RECORDS PROVIDED
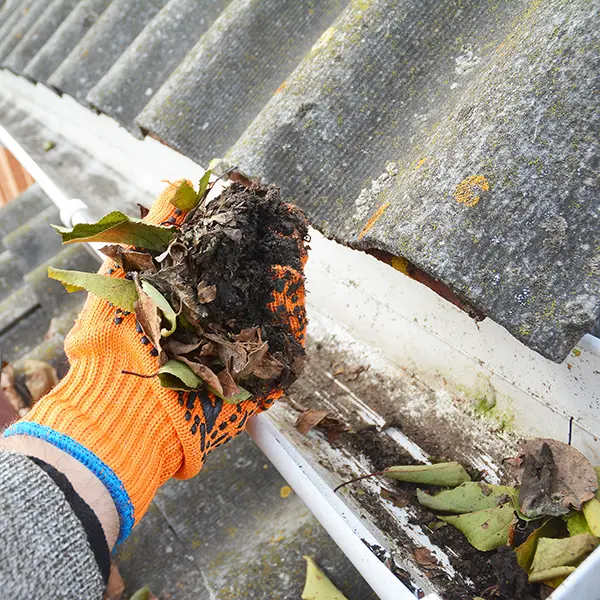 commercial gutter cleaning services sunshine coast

--

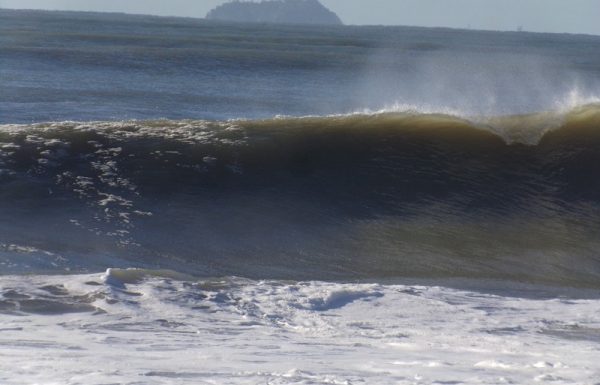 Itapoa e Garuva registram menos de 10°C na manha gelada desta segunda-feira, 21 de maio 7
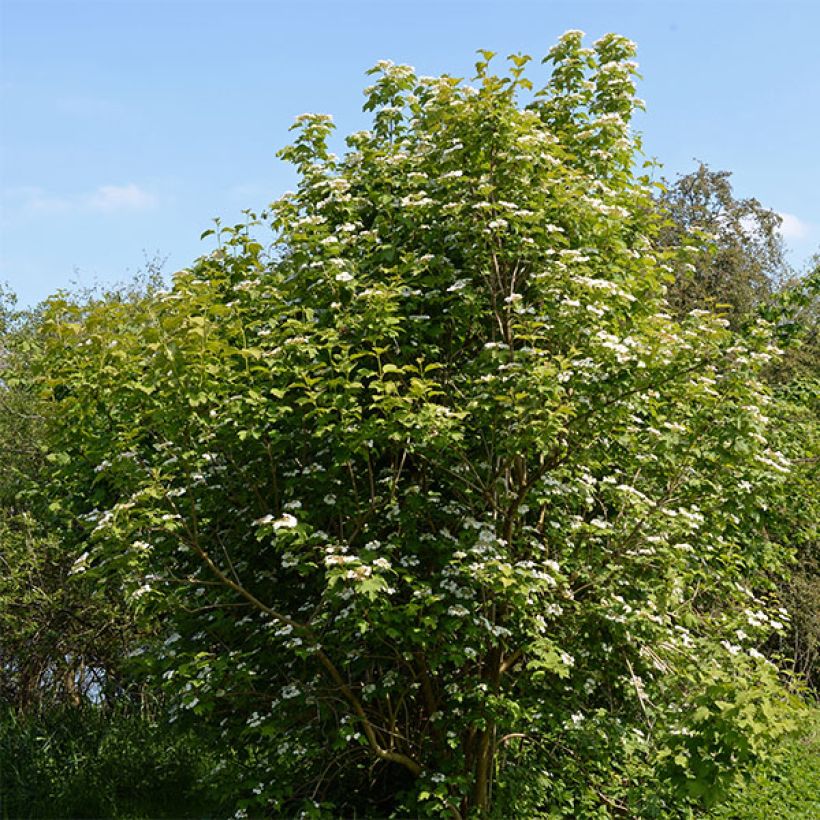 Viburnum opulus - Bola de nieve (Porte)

TO DO
Find where the line with "Itapoa e Garuva" sits in the material above and where the line with "Viburnum opulus - Bola de nieve (Porte)" sits. Set down exactly the lines from the first to the second, both included and nothing else, without pictures.

COMPLETED TASK
 Itapoa e Garuva registram menos de 10°C na manha gelada desta segunda-feira, 21 de maio 7
 Viburnum opulus - Bola de nieve (Porte)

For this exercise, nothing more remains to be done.